BEGIN Data shown
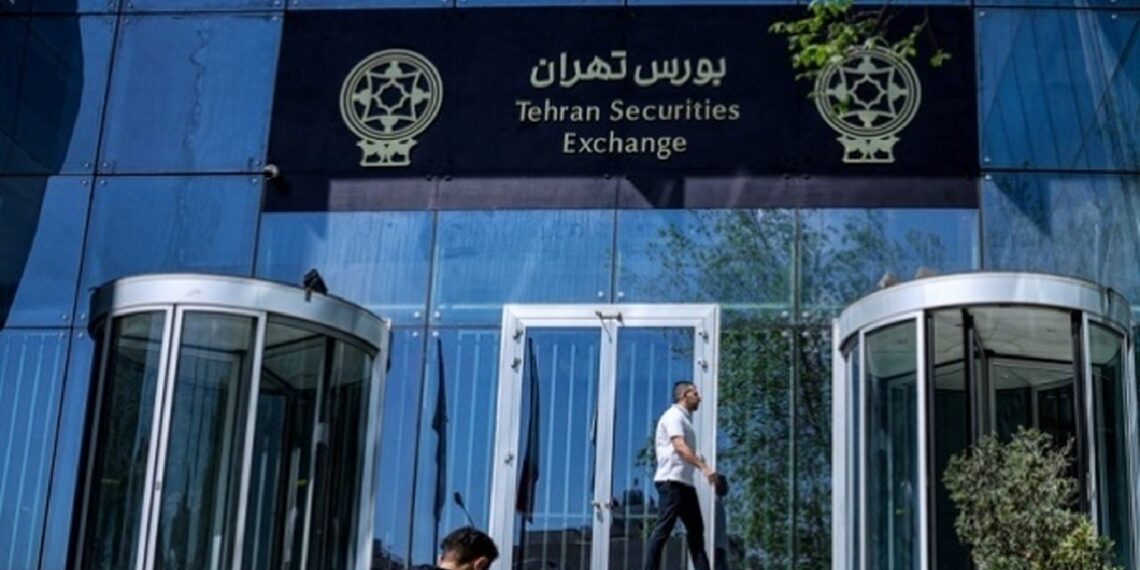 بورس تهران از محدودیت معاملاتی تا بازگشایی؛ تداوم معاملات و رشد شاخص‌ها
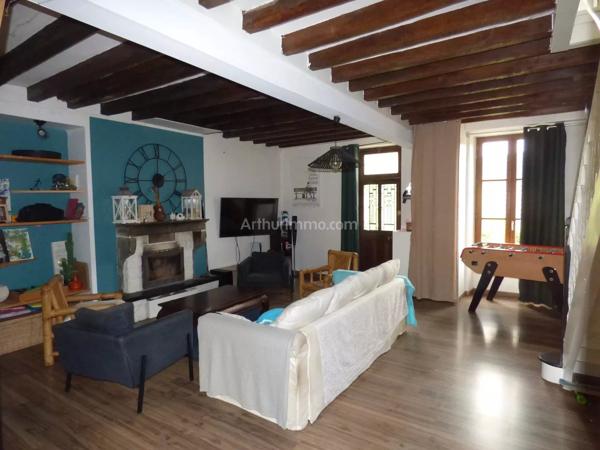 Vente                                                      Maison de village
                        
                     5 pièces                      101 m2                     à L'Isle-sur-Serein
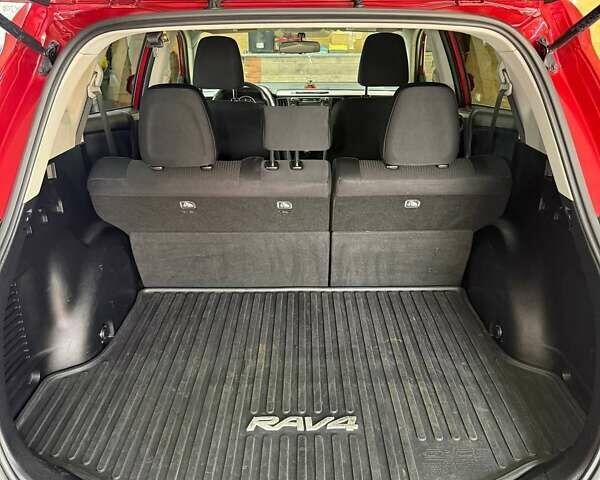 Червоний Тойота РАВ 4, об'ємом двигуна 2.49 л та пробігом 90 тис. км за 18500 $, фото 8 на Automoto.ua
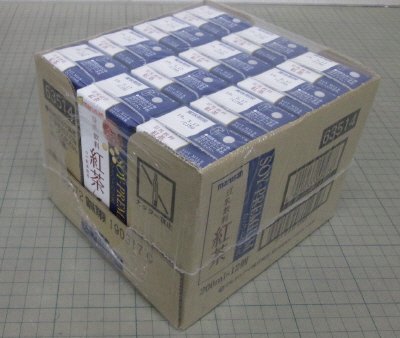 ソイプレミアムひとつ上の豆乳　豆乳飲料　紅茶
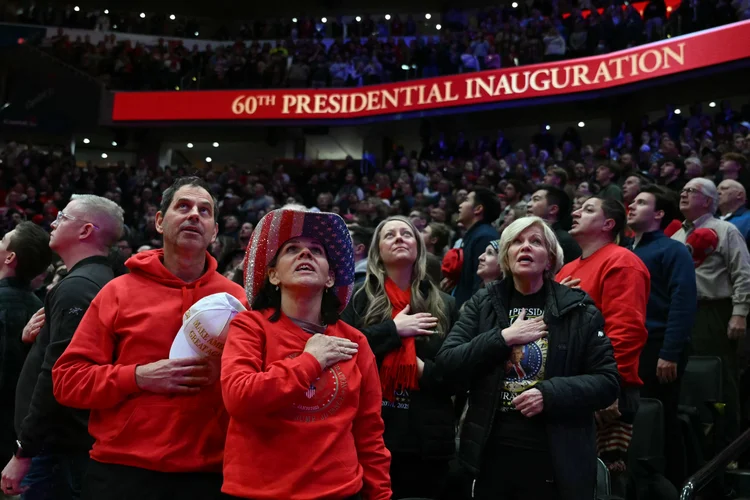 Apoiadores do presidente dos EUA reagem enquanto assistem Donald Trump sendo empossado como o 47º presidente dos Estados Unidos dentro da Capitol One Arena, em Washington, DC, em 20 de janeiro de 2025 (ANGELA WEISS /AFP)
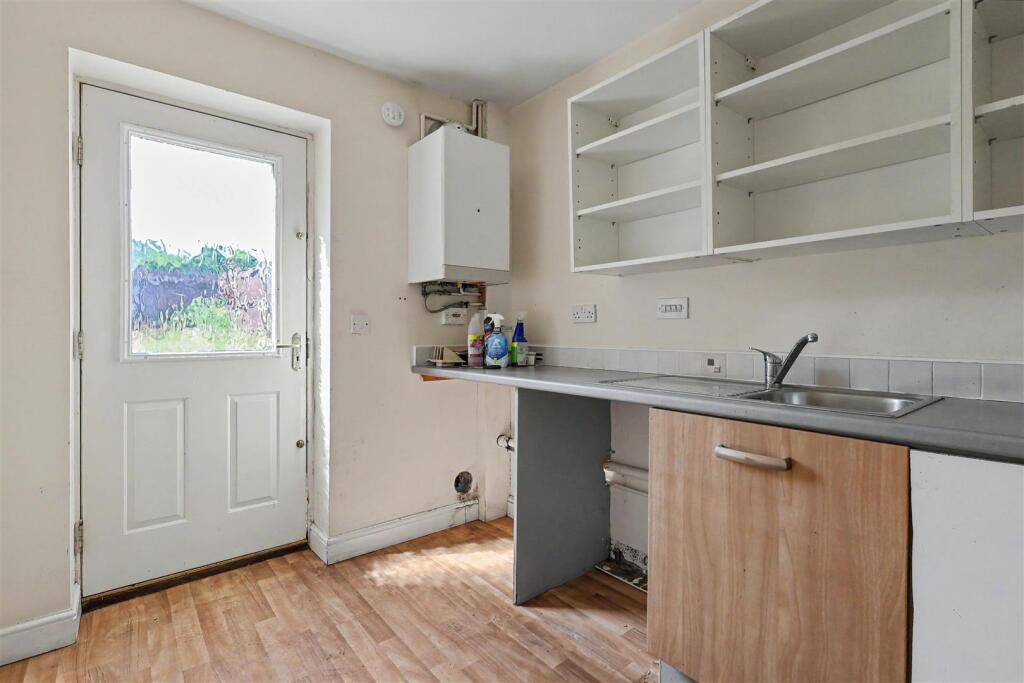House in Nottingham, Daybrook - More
END Data shown
Give the records again exactly, pictures left out.

 بورس تهران از محدودیت معاملاتی تا بازگشایی؛ تداوم معاملات و رشد شاخص‌ها
 Vente                                                      Maison de village
                        
                     5 pièces                      101 m2                     à L'Isle-sur-Serein
 Червоний Тойота РАВ 4, об'ємом двигуна 2.49 л та пробігом 90 тис. км за 18500 $, фото 8 на Automoto.ua
 ソイプレミアムひとつ上の豆乳　豆乳飲料　紅茶
 Apoiadores do presidente dos EUA reagem enquanto assistem Donald Trump sendo empossado como o 47º presidente dos Estados Unidos dentro da Capitol One Arena, em Washington, DC, em 20 de janeiro de 2025 (ANGELA WEISS /AFP)
House in Nottingham, Daybrook - More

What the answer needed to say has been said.